:: EXCERPTED DATA ::

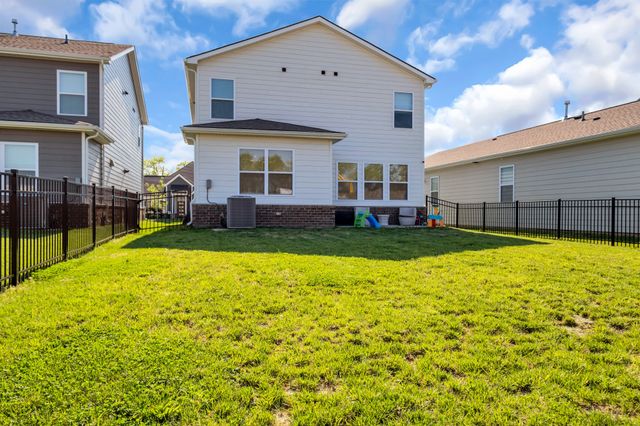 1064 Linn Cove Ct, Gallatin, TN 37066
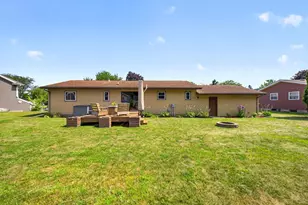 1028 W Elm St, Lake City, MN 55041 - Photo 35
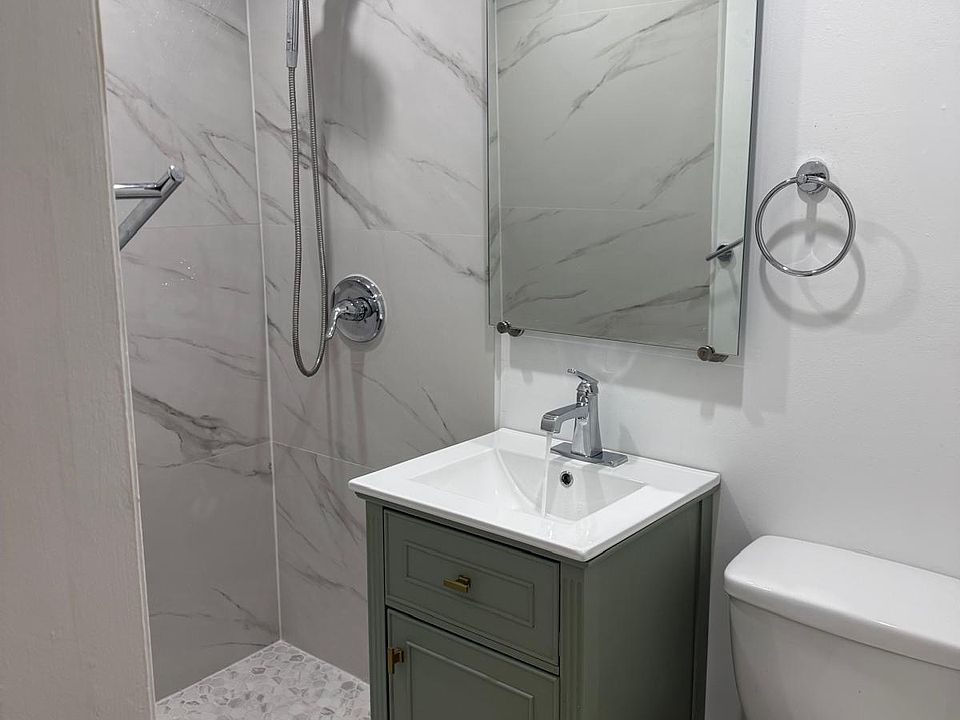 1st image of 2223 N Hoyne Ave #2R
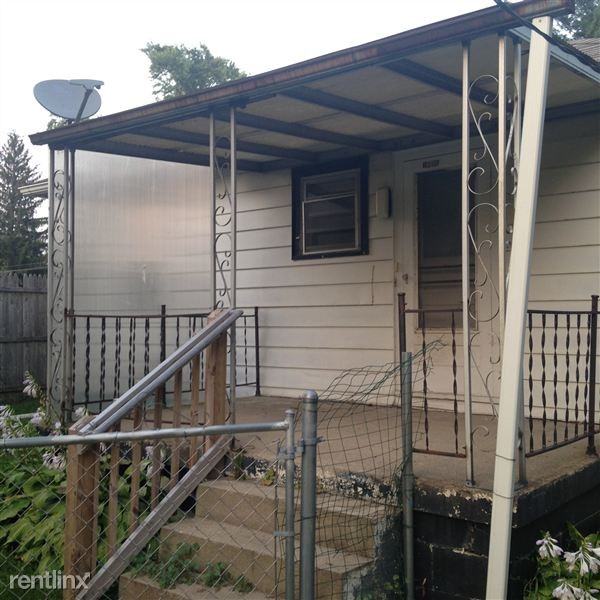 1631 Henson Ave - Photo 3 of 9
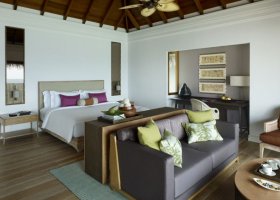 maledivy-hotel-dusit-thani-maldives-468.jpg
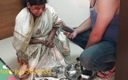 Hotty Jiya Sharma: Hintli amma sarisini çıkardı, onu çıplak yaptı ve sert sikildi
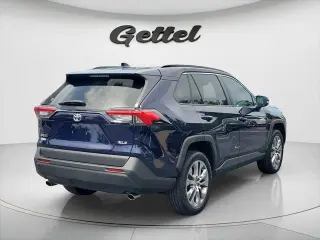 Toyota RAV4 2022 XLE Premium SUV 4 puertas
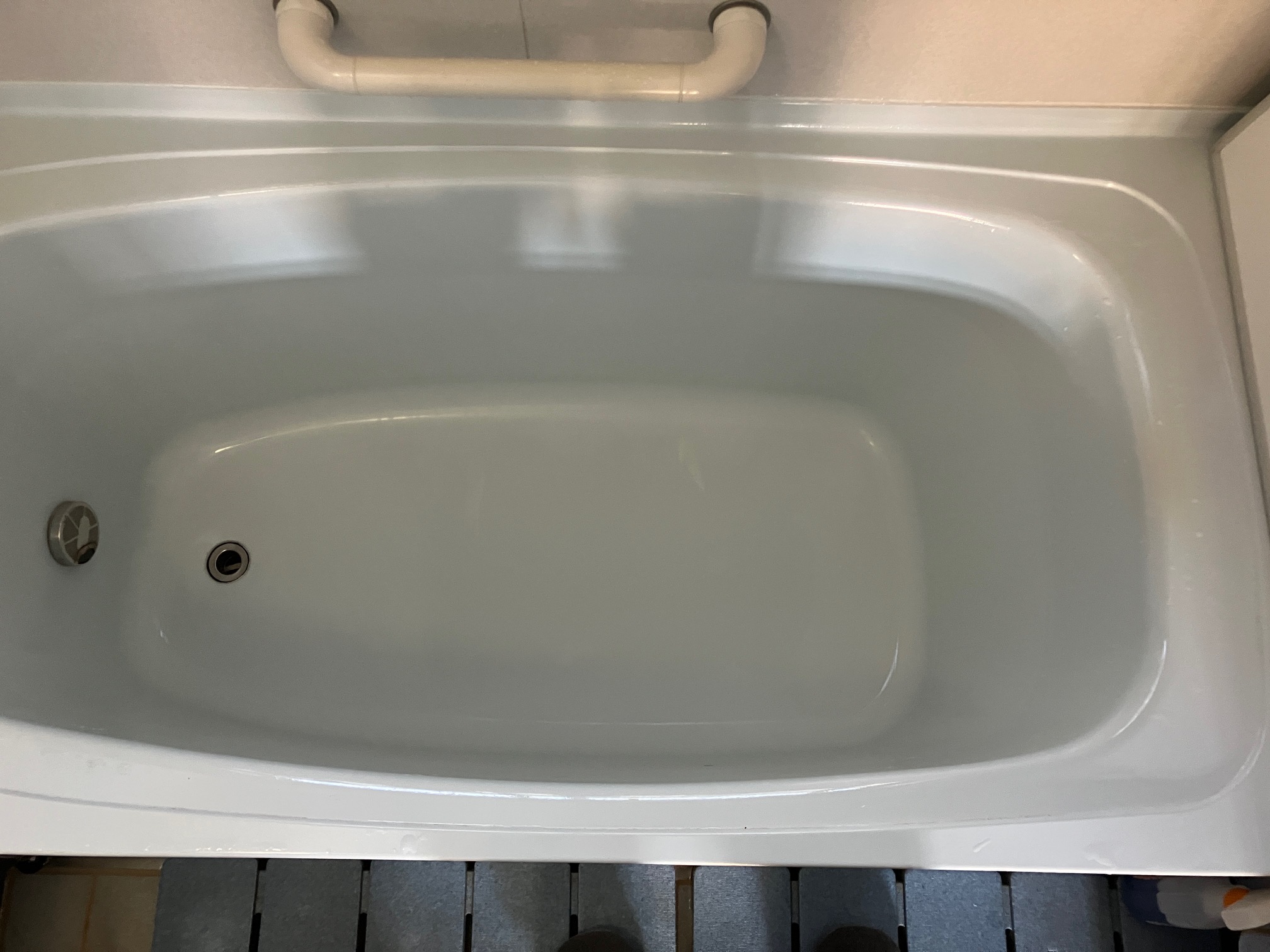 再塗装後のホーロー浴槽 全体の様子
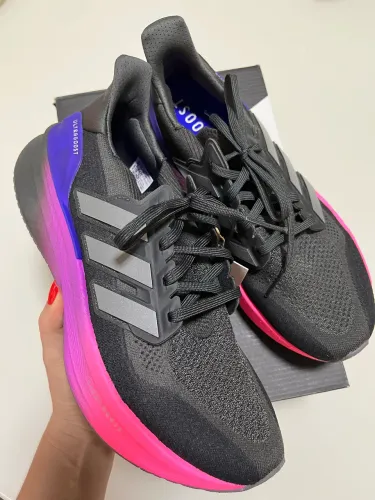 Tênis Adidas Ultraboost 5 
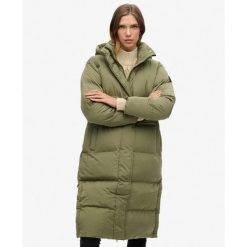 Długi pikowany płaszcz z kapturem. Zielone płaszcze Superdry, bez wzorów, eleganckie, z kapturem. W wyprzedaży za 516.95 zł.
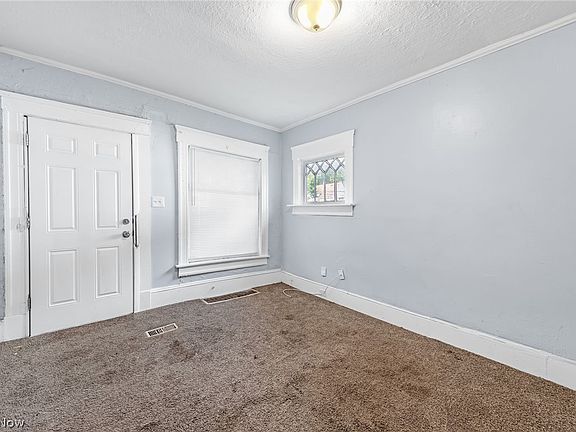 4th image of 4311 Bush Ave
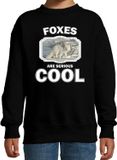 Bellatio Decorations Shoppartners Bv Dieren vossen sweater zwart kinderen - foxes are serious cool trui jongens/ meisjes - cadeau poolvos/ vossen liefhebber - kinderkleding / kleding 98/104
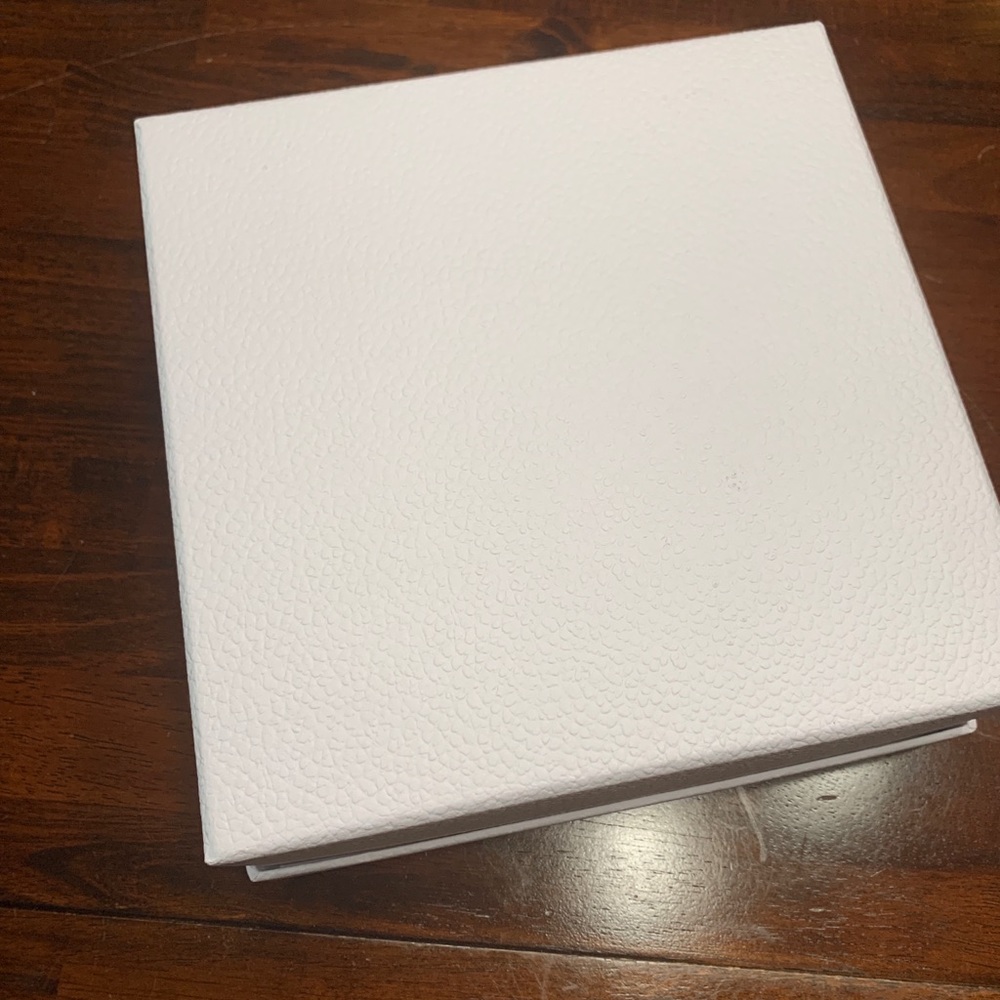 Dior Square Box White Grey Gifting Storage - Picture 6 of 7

:::

## WORK ITEM
An answer containing only the lines from the one holding "Bellatio Decorations Shoppartners" through the close of the entries above, reproduced exactly and stripped of pictures, is expected.

## OUTPUT OF THE TASK
 Bellatio Decorations Shoppartners Bv Dieren vossen sweater zwart kinderen - foxes are serious cool trui jongens/ meisjes - cadeau poolvos/ vossen liefhebber - kinderkleding / kleding 98/104
 Dior Square Box White Grey Gifting Storage - Picture 6 of 7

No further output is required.